(Records contained in a dataset)
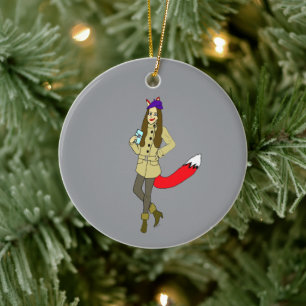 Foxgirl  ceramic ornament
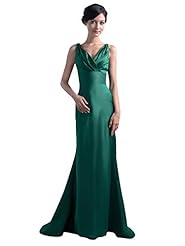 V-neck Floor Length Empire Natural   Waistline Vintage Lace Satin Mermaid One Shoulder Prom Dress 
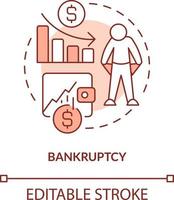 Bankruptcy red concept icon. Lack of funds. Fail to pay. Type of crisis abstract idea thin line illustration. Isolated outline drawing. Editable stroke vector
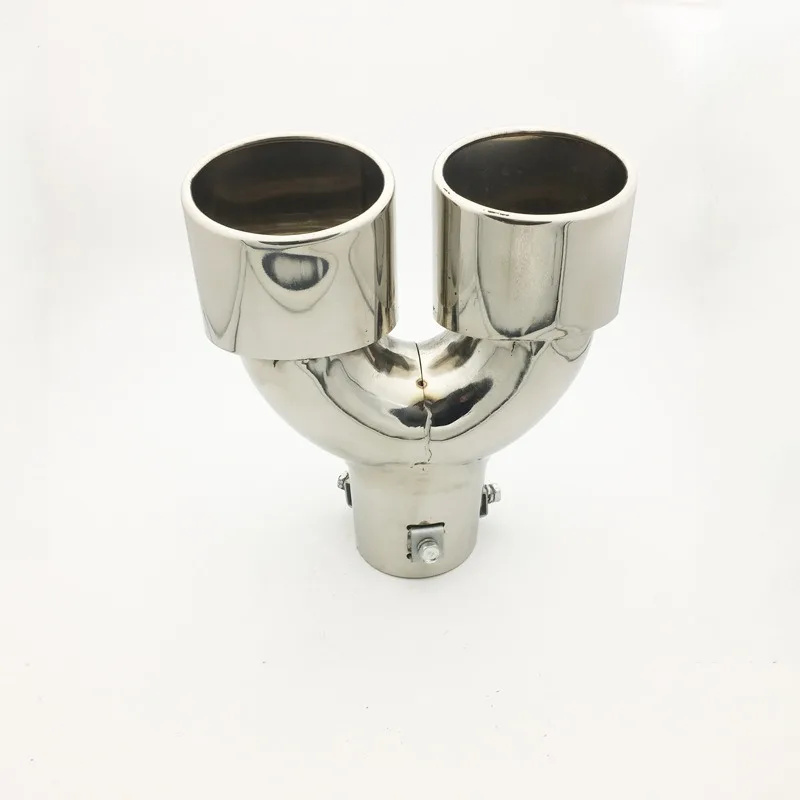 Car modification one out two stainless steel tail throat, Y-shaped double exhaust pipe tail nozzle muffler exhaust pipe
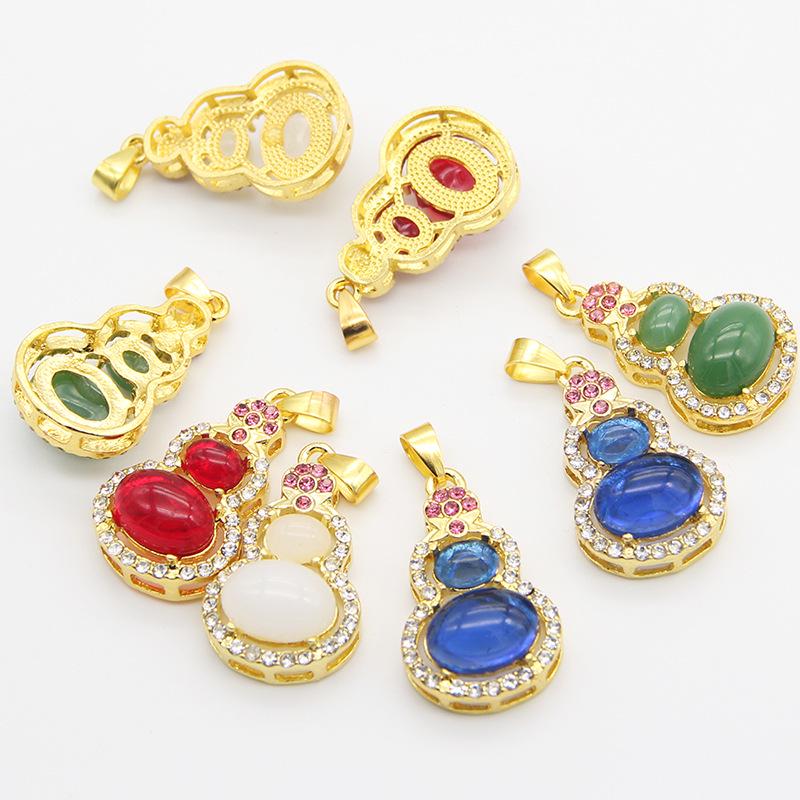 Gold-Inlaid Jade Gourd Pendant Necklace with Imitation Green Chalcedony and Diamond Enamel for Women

---

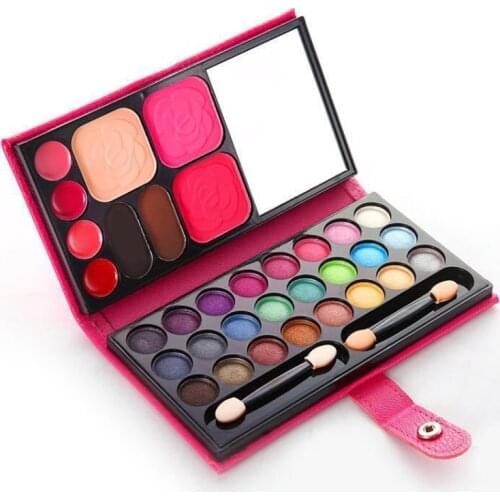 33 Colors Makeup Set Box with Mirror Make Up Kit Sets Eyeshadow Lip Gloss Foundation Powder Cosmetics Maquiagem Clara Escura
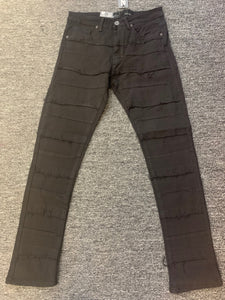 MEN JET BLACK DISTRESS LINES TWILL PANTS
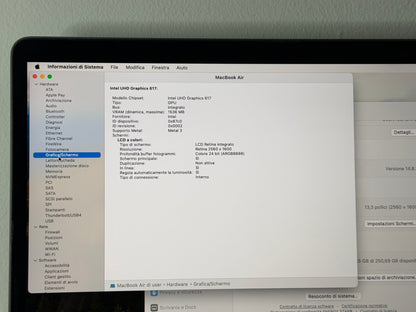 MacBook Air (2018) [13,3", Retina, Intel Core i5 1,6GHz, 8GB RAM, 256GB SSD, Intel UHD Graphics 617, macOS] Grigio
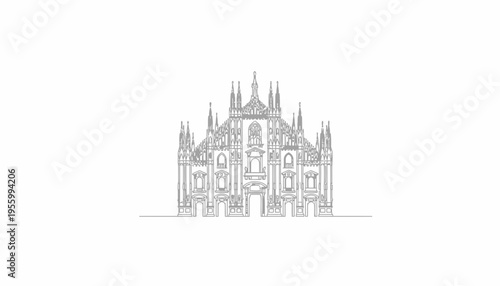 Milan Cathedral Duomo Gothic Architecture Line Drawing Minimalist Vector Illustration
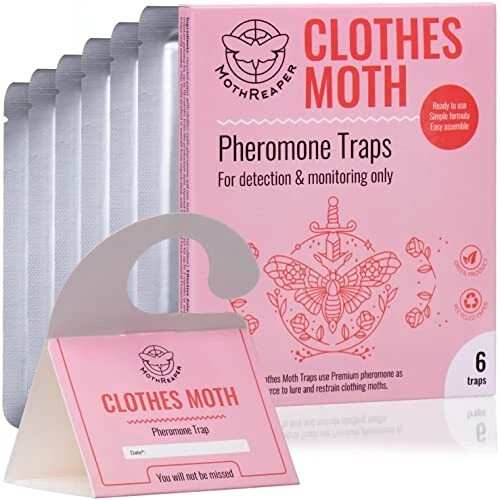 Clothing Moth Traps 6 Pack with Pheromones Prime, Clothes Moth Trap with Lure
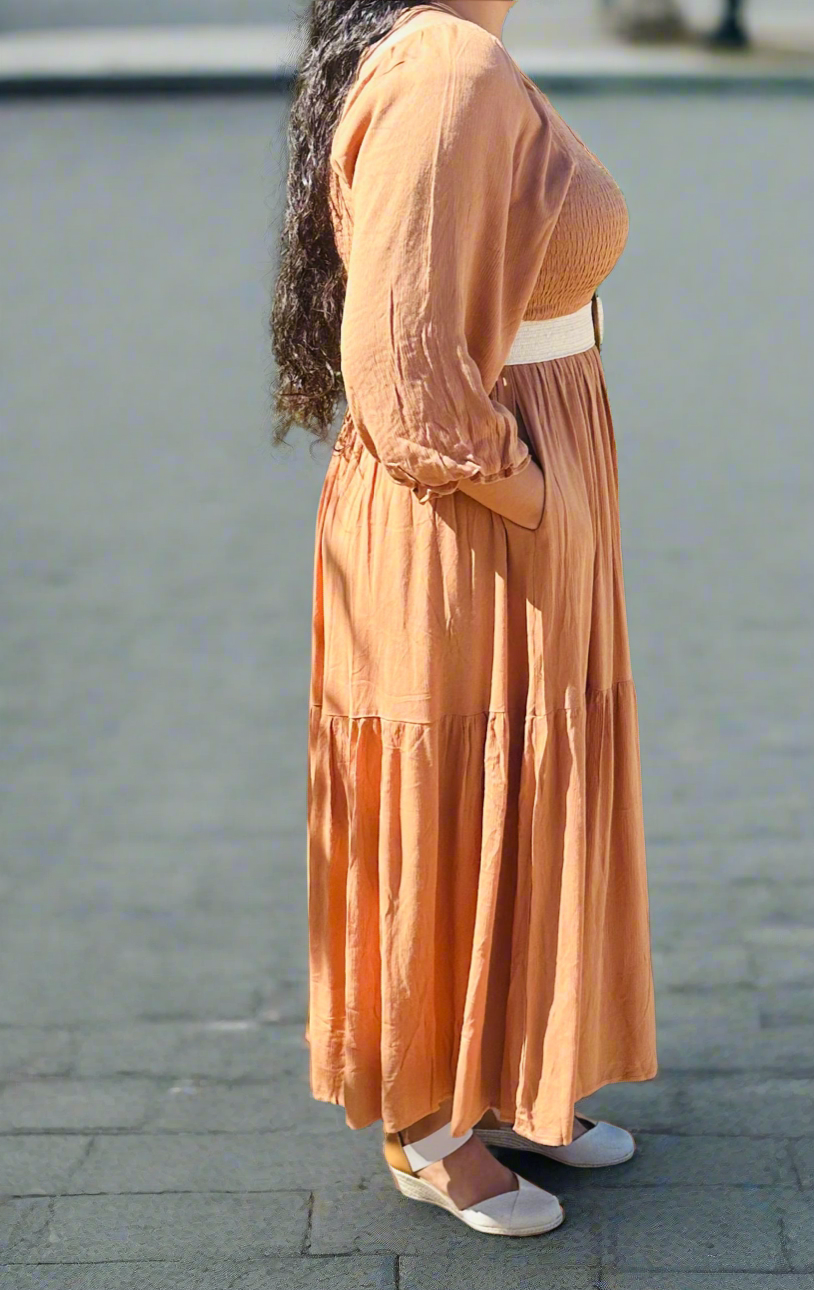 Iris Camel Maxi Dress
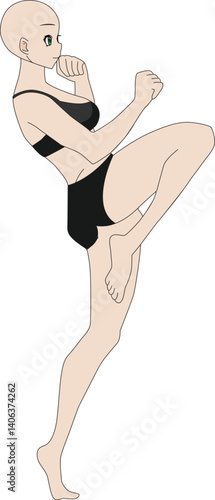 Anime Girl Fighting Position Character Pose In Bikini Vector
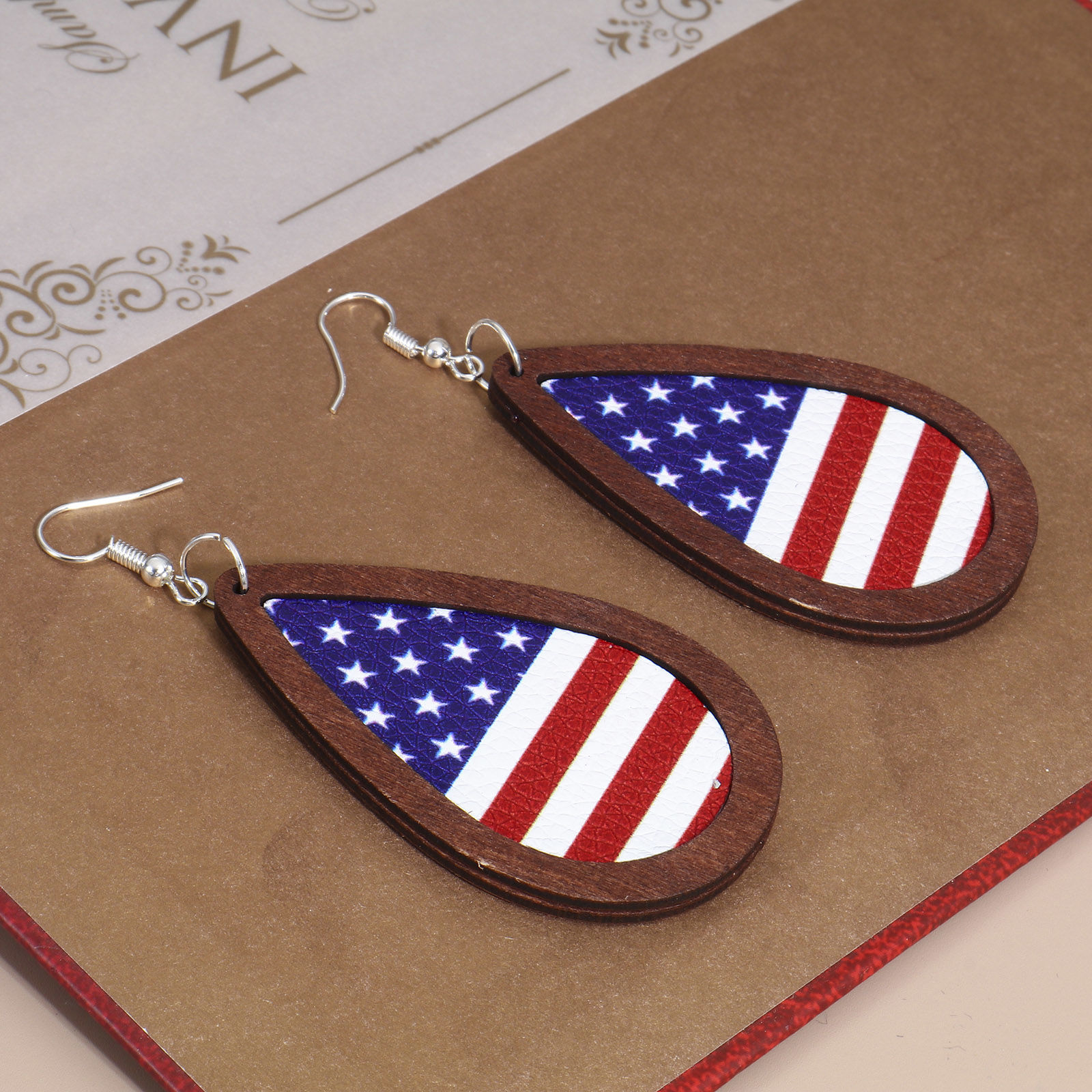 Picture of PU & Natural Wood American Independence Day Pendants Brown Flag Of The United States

**WORK REQUIRED:** Restate word for word every line from the one with "V-neck Floor Length" up to and including the one with "Gold-Inlaid Jade Gourd" in the records above, minus the pictures.

**WRITTEN ANSWER:**
 V-neck Floor Length Empire Natural   Waistline Vintage Lace Satin Mermaid One Shoulder Prom Dress 
 Bankruptcy red concept icon. Lack of funds. Fail to pay. Type of crisis abstract idea thin line illustration. Isolated outline drawing. Editable stroke vector
 Car modification one out two stainless steel tail throat, Y-shaped double exhaust pipe tail nozzle muffler exhaust pipe
 Gold-Inlaid Jade Gourd Pendant Necklace with Imitation Green Chalcedony and Diamond Enamel for Women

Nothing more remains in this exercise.